Еще одна новость, отметил про себя Агасфер: раньше Ванновский такие вопросы решал… И авто у нашего Куропаткина откуда-то появилось… Ладно, поживем – все узнаем!

Трофим торжественно распахнул двери, снял фуражку. Офицеры, переговариваясь, устремились к двери.

Куропаткин и Зволянский прошли в дом первыми. Архипов, следуя за ними, остановился в проеме, хотел что-то сказать Агасферу – и не успел. Как раз в этот момент все услыхали нарастающий бешеный стук копыт. Лавров приостановился, вглядываясь в сумерки.

– Эк его носит, мерзавца! Всех прохожих посшибает этак-то! – покачал головой Лавров.

И тут из-под опущенного верха коляски засверкали вспышки, мигом спустя сменившиеся трескотней выстрелов. Кучер натянул вожжи, придерживая лошадь.

– Ложись! – крикнул Лавров, падая на тротуар и увлекая за собой Агасфера. Увидев, что Кузьма, Трофим и Тимоха от неожиданности замерли, как статуи, он еще громче закричал: – Падайте, олухи! Убьют же сейчас!

– Долой самодержавие! Смерть царским прихвостням! – раздалось из почти остановившейся коляски, и оттуда снова загремели выстрелы.

– Эх, револьвер нынче не взял! – сквозь зубы процедил Лавров, прижимая голову Агасфера к скользким камням тротуара.

Агасфер все-таки попытался повернуть голову, чтобы рассмотреть коляску и стрелка. Но увидел только темный силуэт и искры, высекаемые пулями рядом с его лицом. И считал выстрелы. Шесть, семь…

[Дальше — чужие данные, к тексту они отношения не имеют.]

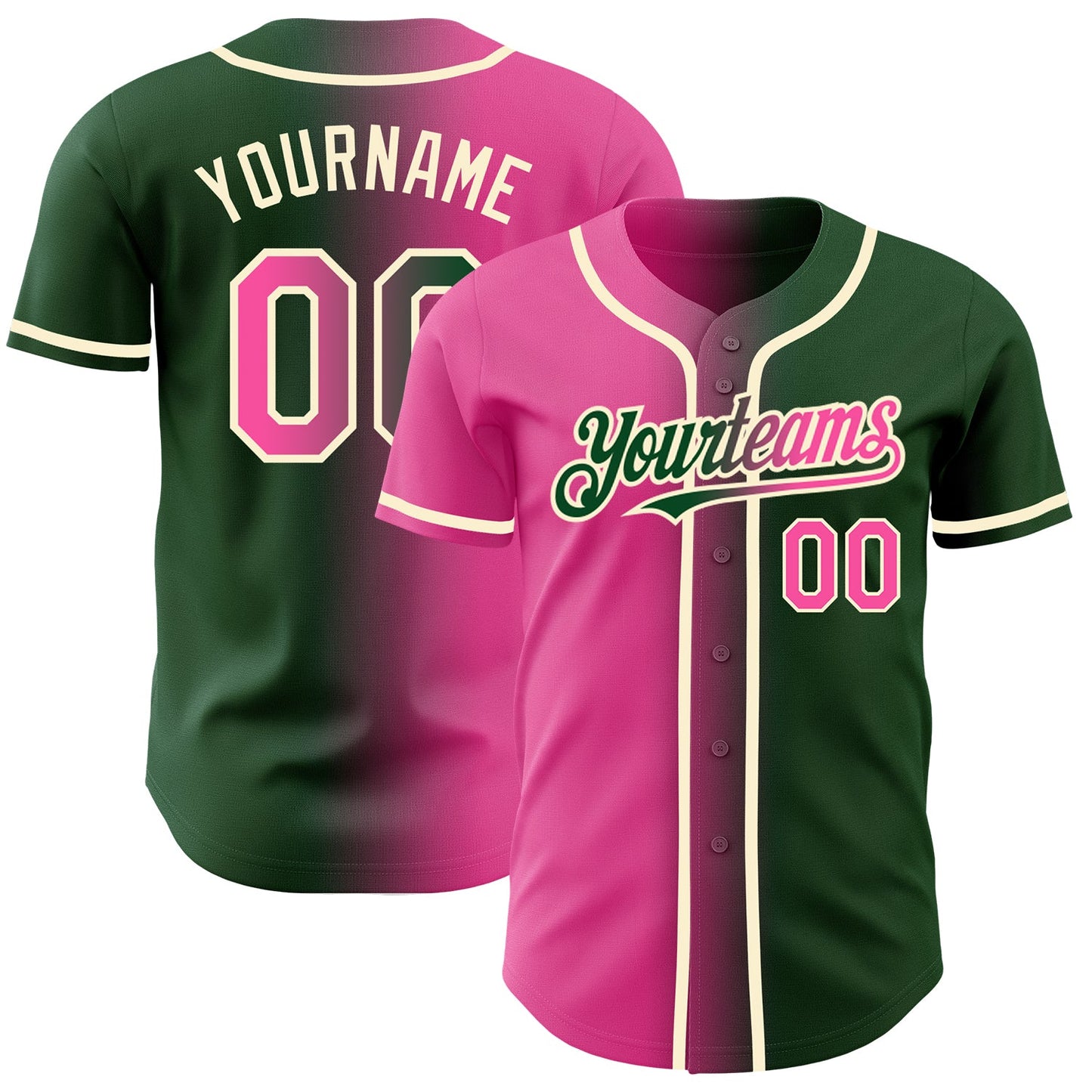 Custom Green Pink-Cream Authentic Gradient Fashion Baseball Jersey - Sky-Custom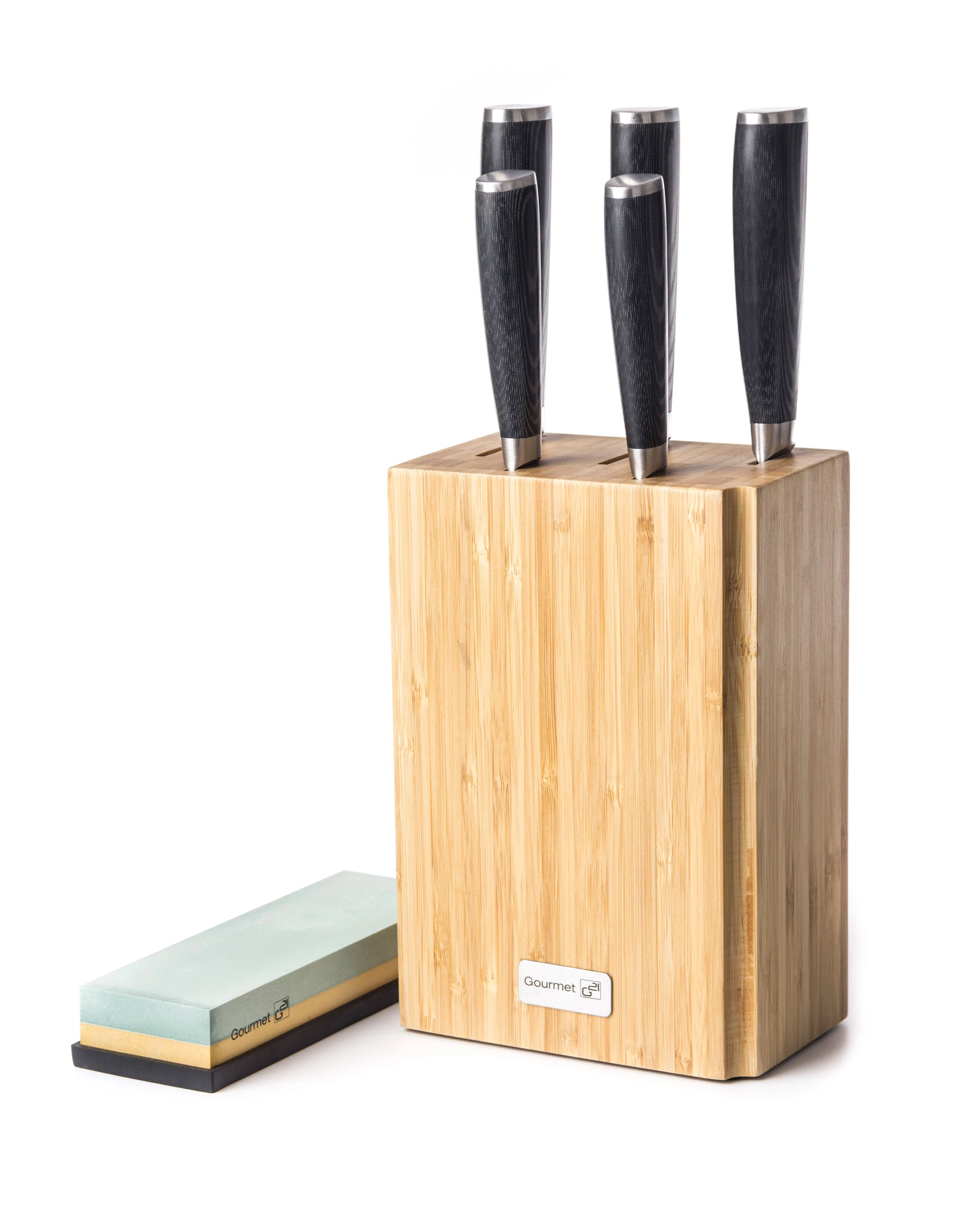 Késkészlet G21 Gourmet Premium 5 db bambusz késtartóban + csiszolókő (6002299)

– Пошел! – завизжал седок, швырнув на мостовую револьвер с опустошенным барабаном.

Возница стегнул кнутом, закричал на лошадь, и та рванула с места.

Когда стук копыт замер вдали, Лавров и Агасфер поднялись с каменного тротуара, почистили платье.

– Все целы? Никого не зацепило? – спрашивал Лавров, глядя только на Агасфера.

– Да, благодарю… Тимофей, ты чего не встаешь? Не задело тебя?

Тот с кряхтением поднялся с корточек – выполнить команду «ложись» он так и не успел – как, впрочем, и швейцар, продолжающий держаться за дверь. Из-за нее осторожно выглядывали Куропаткин и Зволянский.

– А где полковник, господа? Андрей Андреевич, где вы?

– Тут я, тут! – ворчливо отозвался Архипов, пытаясь подняться с ковра и держась за ногу. – Хороши же мы, господа офицеры! Пятеро нас тут – и ни у кого оружия не случилось!

– Господи, да вас ранило! – Куропаткин, шагнув к старому другу, первым разглядел расплывающееся темное пятно на ковре в вестибюле. – Кузьма, телефонируй в полицию, пусть доктора пришлют! Трофим, свисти! Городовые – где они, черт их побери!

Однако Зволянский, обогнав Кузьму, первым побежал по лестнице к телефонному аппарату, и вскоре по всему дому разнеслись раскаты и переливы его начальственного баритона, прерываемые частой руганью.

Тем временем Лавров, присев возле Архипова, уже определил место ранения, – разрезал левую брючину, осмотрел сквозную рану в бедре, перетянул ногу жгутом из носового платка.

– Ничего, господин полковник! Я, конечно, не доктор – но, по моему, вам повезло! Рана сквозная, крови немного, темного цвета – стало быть, артерия не задета. И кость, по-моему, тоже! Кузьма, дай что-нибудь полковнику под голову, пусть полежит здесь, пока доктор приедет!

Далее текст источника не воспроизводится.